(Data items)
——————————

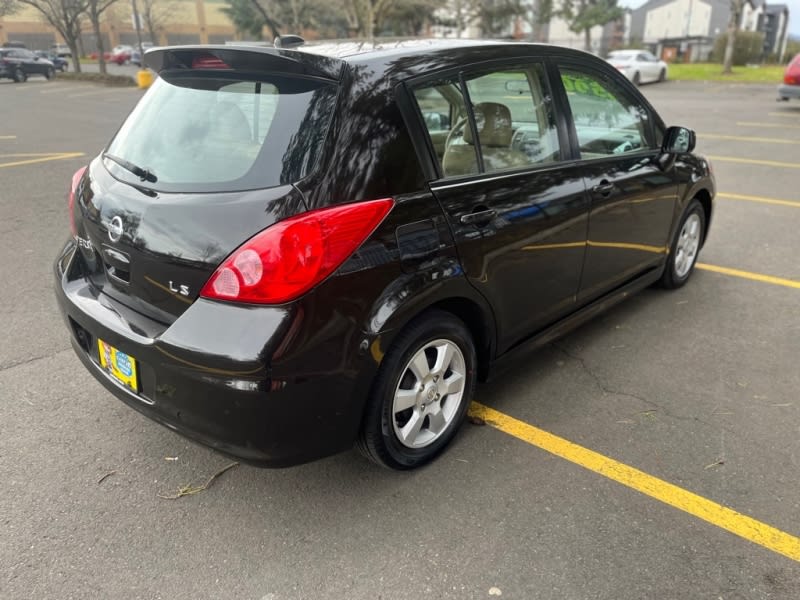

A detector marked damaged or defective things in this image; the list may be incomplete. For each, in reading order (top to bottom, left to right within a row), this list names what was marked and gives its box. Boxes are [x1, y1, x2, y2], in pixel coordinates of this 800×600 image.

pavement crack [0, 344, 71, 372]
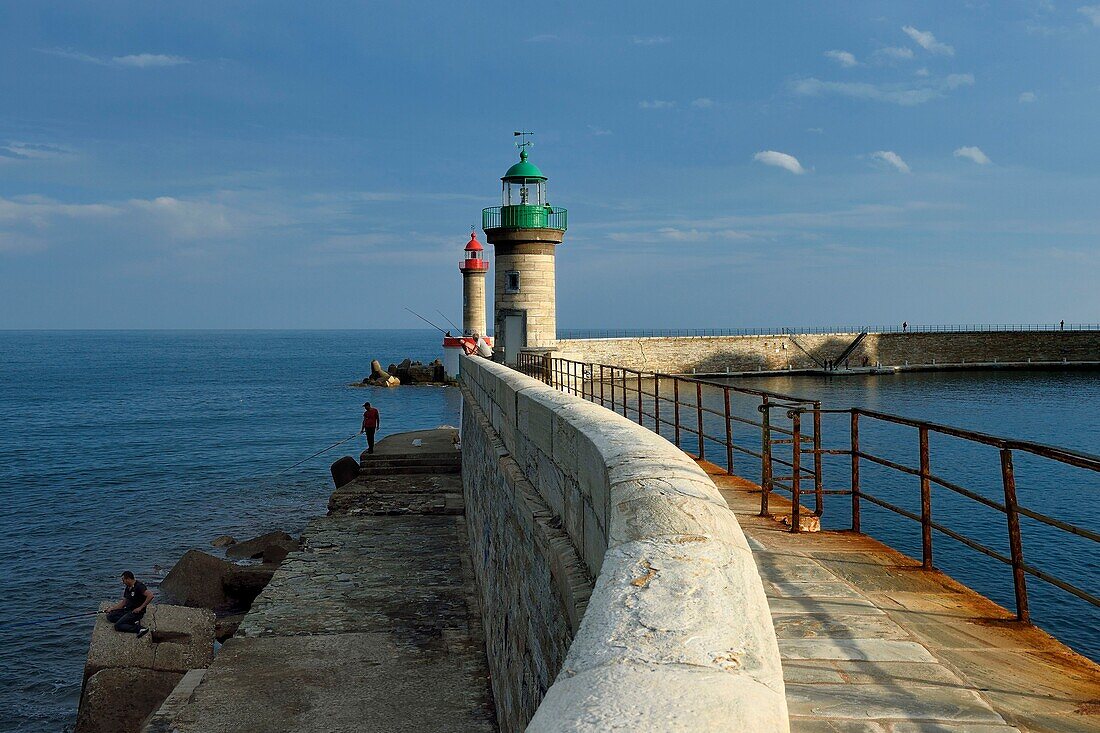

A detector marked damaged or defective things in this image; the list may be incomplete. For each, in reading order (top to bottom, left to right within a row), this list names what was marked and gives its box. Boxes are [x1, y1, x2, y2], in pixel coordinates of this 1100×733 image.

rusty metal railing [516, 354, 1100, 624]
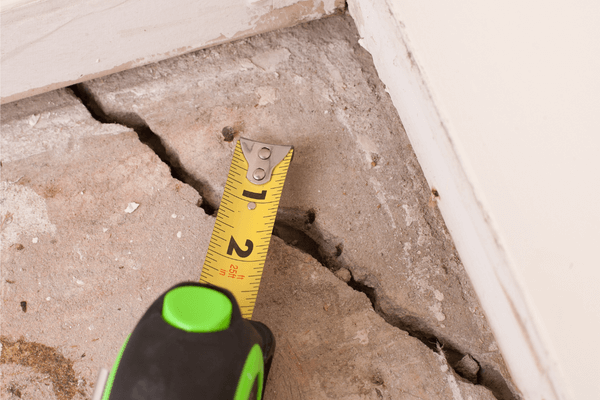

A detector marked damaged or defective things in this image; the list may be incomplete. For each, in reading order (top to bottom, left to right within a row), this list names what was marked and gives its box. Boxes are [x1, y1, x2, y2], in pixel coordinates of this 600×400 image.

cracked concrete slab [0, 88, 496, 400]
crack in concrete [71, 83, 516, 400]
cracked concrete slab [78, 13, 520, 396]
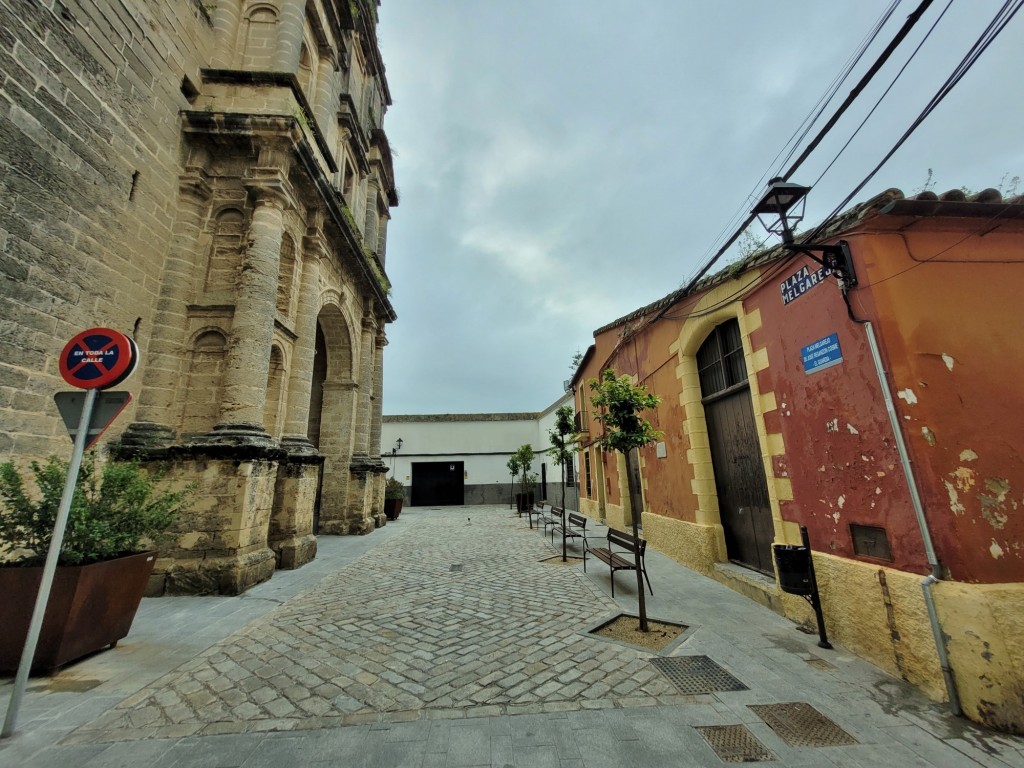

——————————

### Task description
Each record above is to be restated exactly, with its pictures removed from the copy.

### Expected answer
A detector marked damaged or defective things in this image; the list may be incomplete. For each, in reading order (top to bottom, left to right within a row), this list names what was marked and gives its box. Boxes are [x1, y1, x2, y2], in pixel coordinates of this 800×600 image.

pavement crack [0, 344, 71, 372]

A detector marked damaged or defective things in this image; the list may be incomplete. For each, in reading order (top to bottom, left to right within a row), this list names what was marked and gives its box. Boxes are [x1, y1, x2, y2], in pixel coordinates of this 1100×733 image.

rusty metal railing [516, 354, 1100, 624]

A detector marked damaged or defective things in this image; the list may be incomplete. For each, in reading order (top to bottom, left to right within a row), this list names what was marked and gives its box. Boxes are [x1, y1, x2, y2], in pixel coordinates of this 600×400 image.

cracked concrete slab [0, 88, 496, 400]
crack in concrete [71, 83, 516, 400]
cracked concrete slab [78, 13, 520, 396]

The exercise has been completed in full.